Widows will try to describe what fathers, brothers, sisters, or other relatives were like to their now grown children and try to explain how a regime that is supposed to protect its citizens could do such a horrible thing to their own people. It is difficult enough when you are in a stable environment, but it is all the more difficult being in a refugee camp, trying to find ways to move on with such few resources.
In the midst of this darkness, out of the hearts of the Ethiopian community in the greater Houston Area, has come an unexpected source of hope and encouragement—a large monetary gift to help the Anuak who have been displaced. In their letter of explanation they say: “We would like to kindly request that this small token be allocated to our fellow Ethiopians that have been uprooted from their land and homes by some greedy land grabbers who have little to no regard to their fellow mankind.”
The funds will be divided between Anuak in refugee camps in South Sudan and Kenya and Anuak in Gambella. The Anuak Justice Council (AJC) has chosen to distribute the funds to both refugee camps in conjunction with the December 13th memorial gatherings in both camps; but in Gambella, no commemoration is allowed, other than privately, so we are still working out the best way to distribute the funds.
Mr. Ochalla Abulla, Chairman of the Anuak Justice Council (AJC) was very moved by this generosity, “This gift has been a tremendous encouragement to the people in the camps, but what these Ethiopians did when they reached out to the Anuak should now be an example to all of us, including the Anuak, to reach out to others beyond their ethnic groups. The impact of this could be huge and could inspire us as a nation to help our people—not only those from our own groups. There are some other examples of Ethiopians who are already doing this. Some Ethiopians have formed small groups of five members who all contribute $20 a month to support the family of some of our Ethiopian political prisoners who used to be the breadwinners of their families.”
AJC Vice Chairman, Mr. Ojulu Lero, added his thoughts, “This gesture is reconciliation in itself! These people have reached out to the Anuak and now the Anuak can reach out to other people like the Majangir or the Oromo who can reach out to the Amhara or Tigray who can reach out to the Southerners or the Afar and so forth. It reminds me of the recent SMNE forum in Washington D.C. that encourages us to talk to each other rather than about each other. In this case, these Ethiopians from Houston helped others rather than only helping themselves. If we all follow this model of action, it will be another way to unify the Ethiopian people. Once the people are unified, the leaders will be more unified.”
As the Anuak in South Sudan and Kenya come together on December 13, 2014, they will know they are not alone. They will be thinking of those fellow Ethiopians far away who have torn down a wall of isolation through their gift of love. These funds will be put to good use, but the impact of it will live on as building blocks to a New Ethiopia. The power of love can break the walls of hostility and division like nothing else.

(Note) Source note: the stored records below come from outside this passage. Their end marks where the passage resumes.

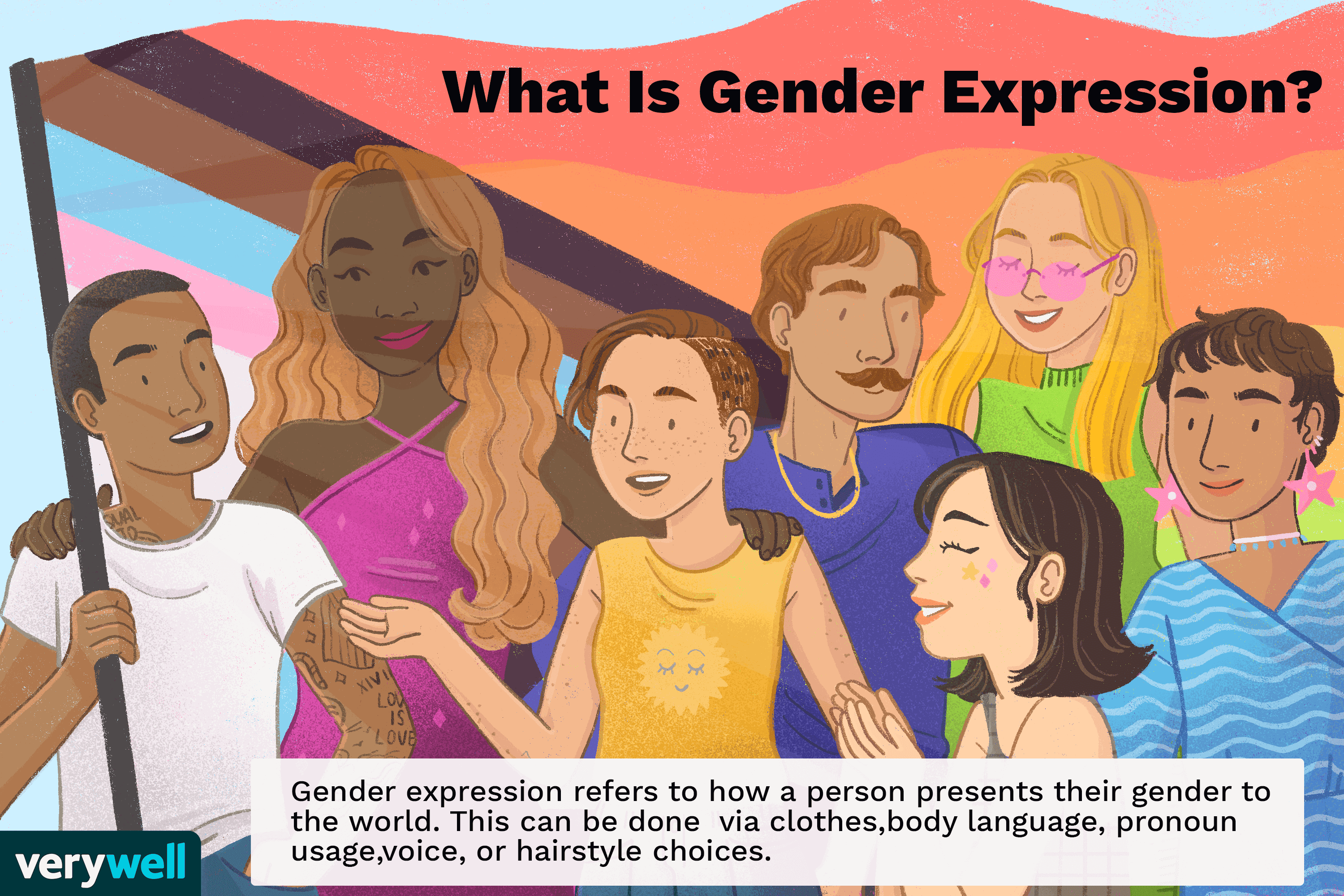 ¿Qué es la expresión de género?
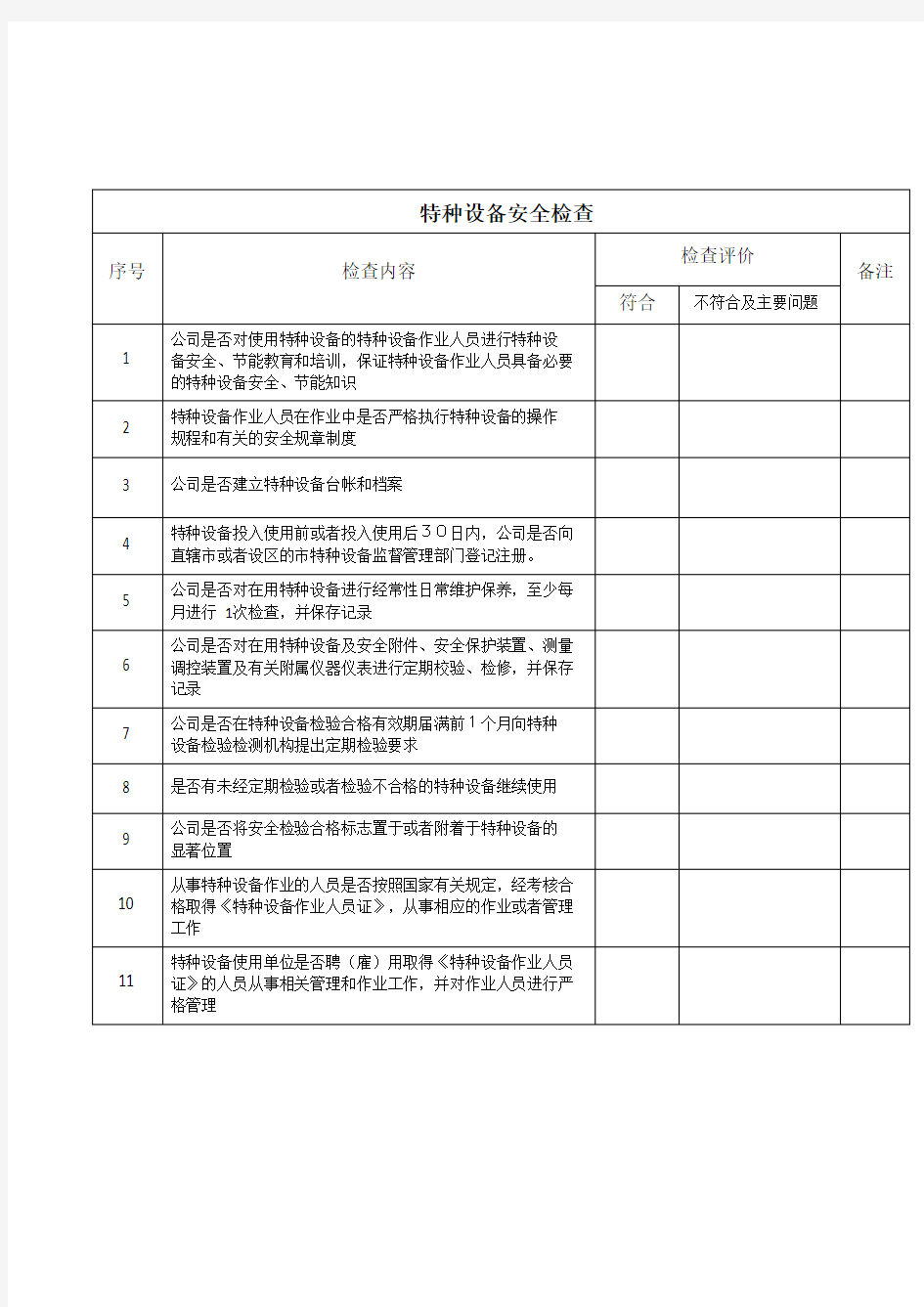 工程维修安全检查表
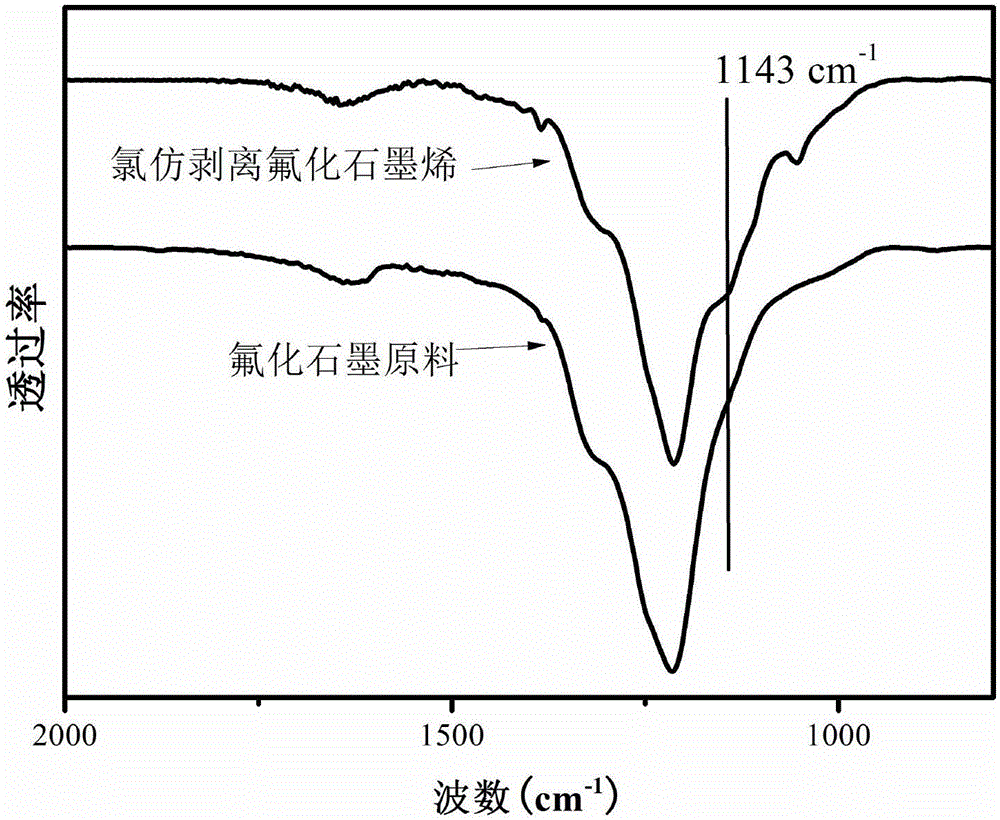 Application of fluorographene in secondary sodium battery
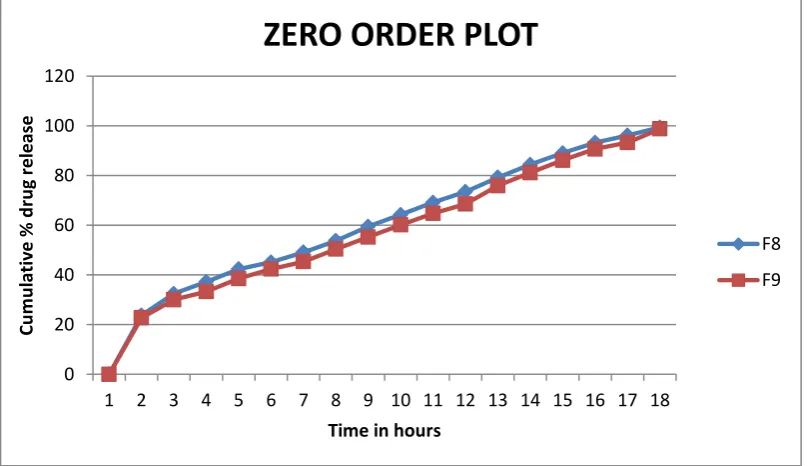 Fig. 3: Zero order plot of F5, F6 and F7  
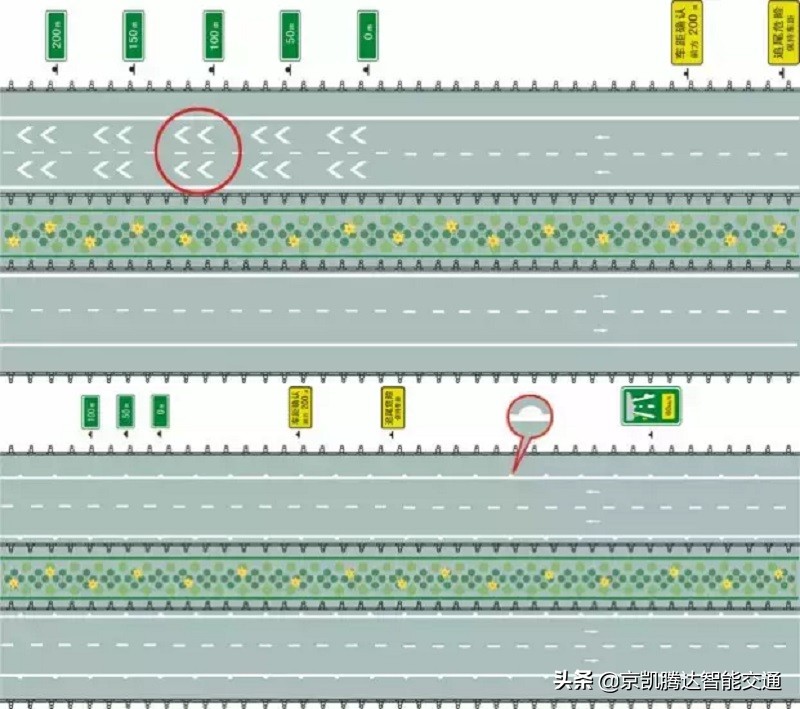 21条道路标线你都认全了吗,好多老司机都不懂的道路标线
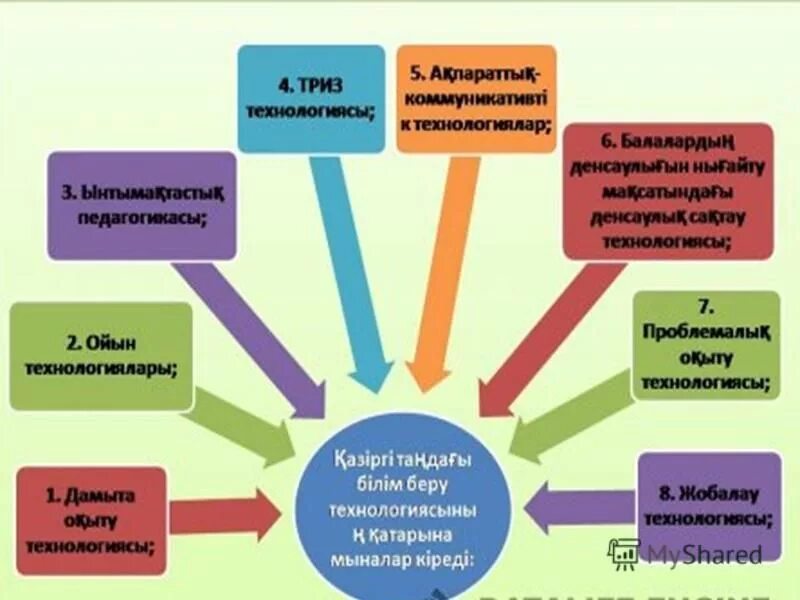 Білім беру технологиялары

May the actions of these and other Ethiopians like them, inspire our people to reach out to others with love, humility, and generosity. May God deeply comfort the Anuak during this time of remembrance of the massacre of December 13-15, 2003 as well as all Ethiopians who have lost loved ones over these past years at the hands of the TPLF/EPRDF. May He also bring freedom to all political prisoners from every region throughout the country who are locked up simply for trying to bring justice and freedom to Ethiopia.